The historical authenticity of various Buddhist lineages has been subject to debate. Stephen Batchelor has claimed, speaking about specifically Japanese Zen lineage, "the historicity of this “lineage” simply does not withstand critical scrutiny." Erik Storlie has noted that transmission "is simply false on historical grounds." Edward Conze said "much of the traditions about the early history of Chan are the inventions of a later age."

==Vinaya==
In the lineage of the vinaya, the requirements for ordination as a bhikkhu ("monk") or a bhikkhuni ("nun") include the presence of at least five other monks, one of whom must be a fully ordained preceptor, and another an acharya (teacher). This lineage for ordaining bhikshunis became extinct in the Theravada school and in Tibetan Buddhism.

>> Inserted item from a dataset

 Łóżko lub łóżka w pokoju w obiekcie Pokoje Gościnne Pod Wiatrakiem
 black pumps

Therefore, when śrāmaṇerikās like Tenzin Palmo wanted full ordination, she had to travel to Hong Kong.

==Mahasiddha==
Lineages in the Mahasiddha tradition do not necessarily originate from Gautama Buddha, but are ultimately grounded, like all Buddhist lineages, in the Adi-Buddha.

==Chan and Zen lineages==

===Construction of lineages===
The idea of a patriarchal lineage in Chan Buddhism dates back to the epitaph for Fărú (法如 638–689), a disciple of the 5th patriarch, Hóngrĕn (弘忍 601–674). In the Long Scroll of the Treatise on the Two Entrances and Four Practices and the Continued Biographies of Eminent Monks, Daoyu and Huike are the only explicitly identified disciples of Bodhidharma. The epitaph gives a line of descent identifying Bodhidharma as the first patriarch.

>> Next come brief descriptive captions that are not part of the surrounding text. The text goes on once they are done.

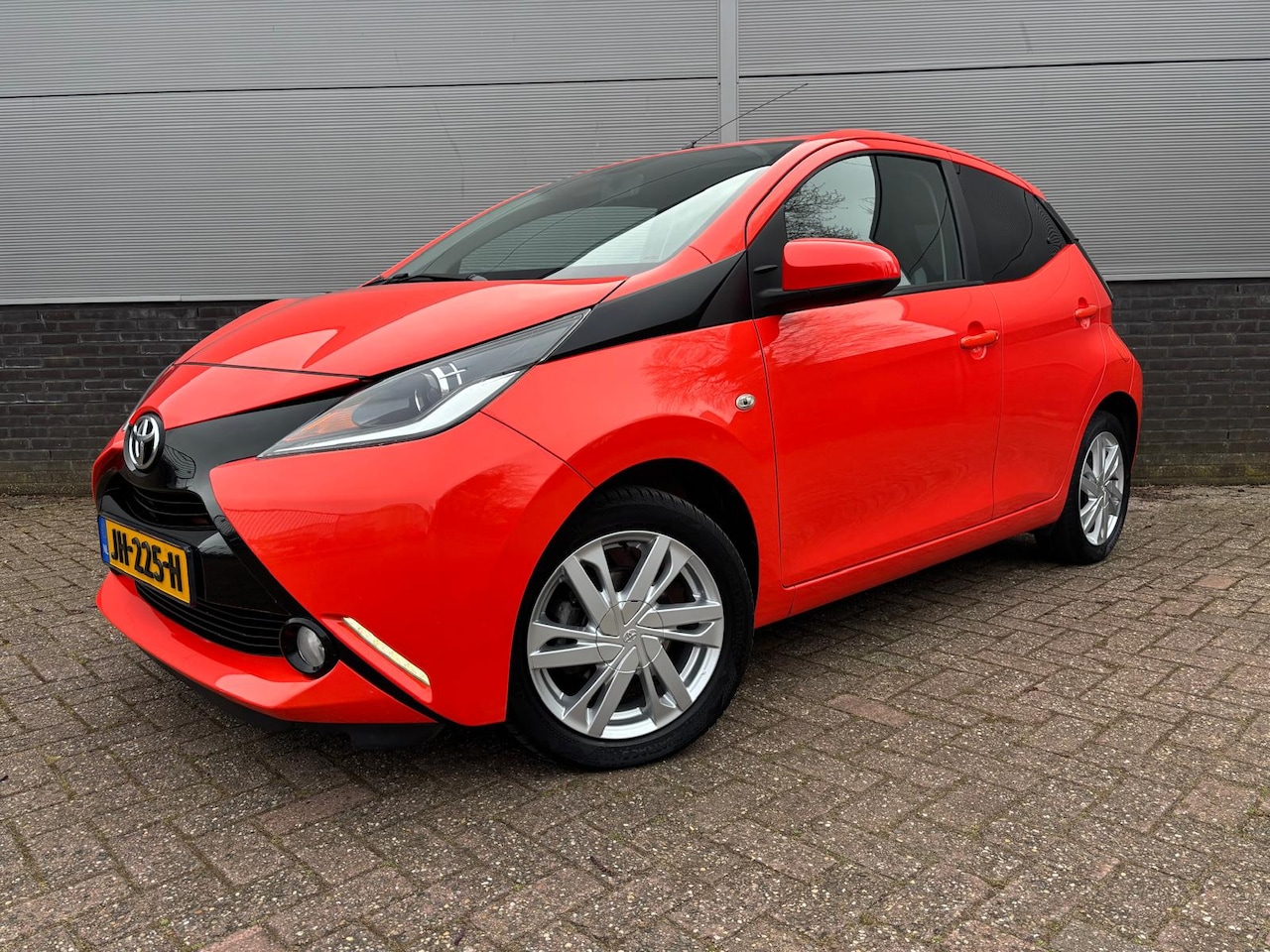 Toyota Aygo - 1.0 VVT-i x-sport 1.0 VVT-i x-sport - AutoWereld.nl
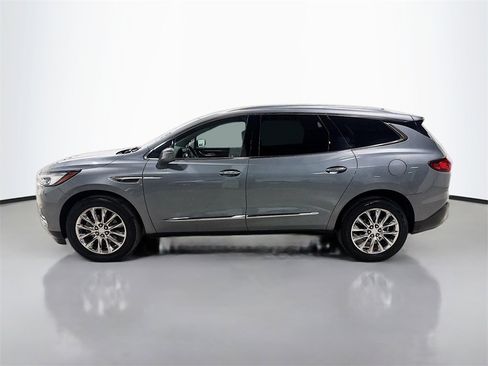 Used 2019 Buick Enclave Premium w/ Experience Buick Package image 4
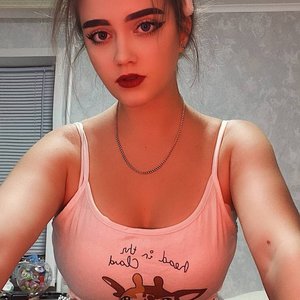 Lelyamt Nude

In the 6th century biographies of famous monks were collected. From this genre the typical Chan-lineage was developed:

These famous biographies were non-sectarian. The Ch'an biographical works, however, aimed to establish Ch'an as a legitimate school of Buddhism traceable to its Indian origins, and at the same time championed a particular form of Ch'an. Historical accuracy was of little concern to the compilers; old legends were repeated, new stories were invented and reiterated until they too became legends.

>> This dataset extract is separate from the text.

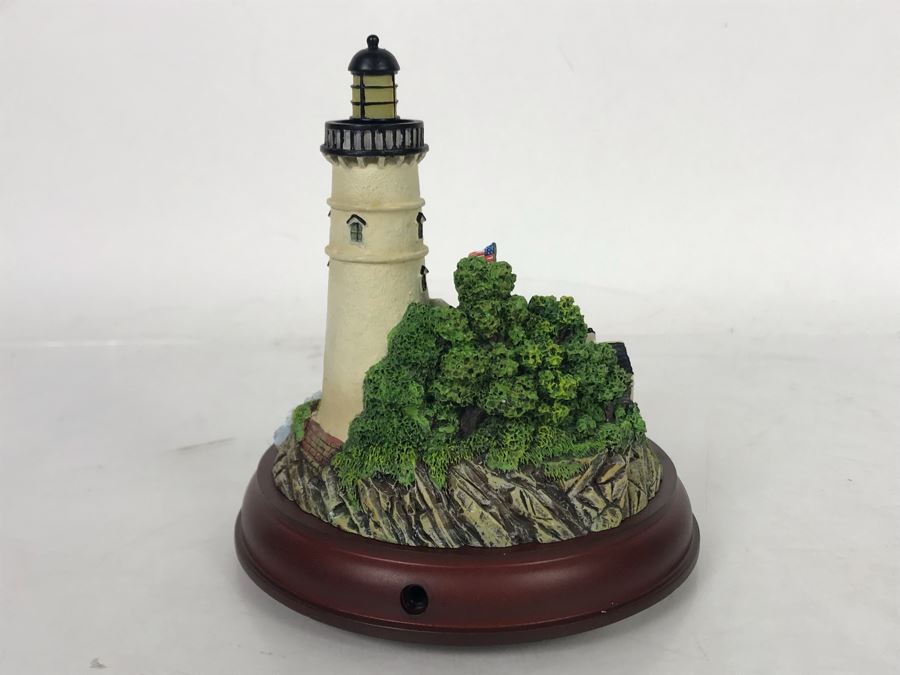 Signed Charles Wysocki Hawthorne Village Lighting The Way Home Lighthouse Sculpture Figurine [Photo 5]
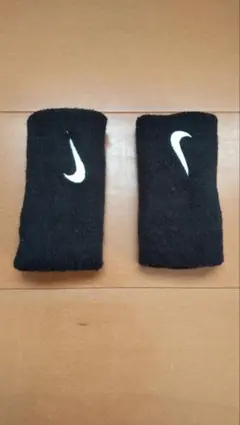 NIKE リストバンド ブラック 2個セットのサムネイル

D. T. Suzuki contends that Chan's growth in popularity during the 7th and 8th centuries attracted criticism that it had "no authorized records of its direct transmission from the founder of Buddhism" and that Chan historians made Bodhidharma the 28th patriarch of Buddhism in response to such attacks.

===Six patriarchs===
The earliest lineages described the lineage from Bodhidharma to Huineng. There is no generally accepted 7th Chinese Patriarch.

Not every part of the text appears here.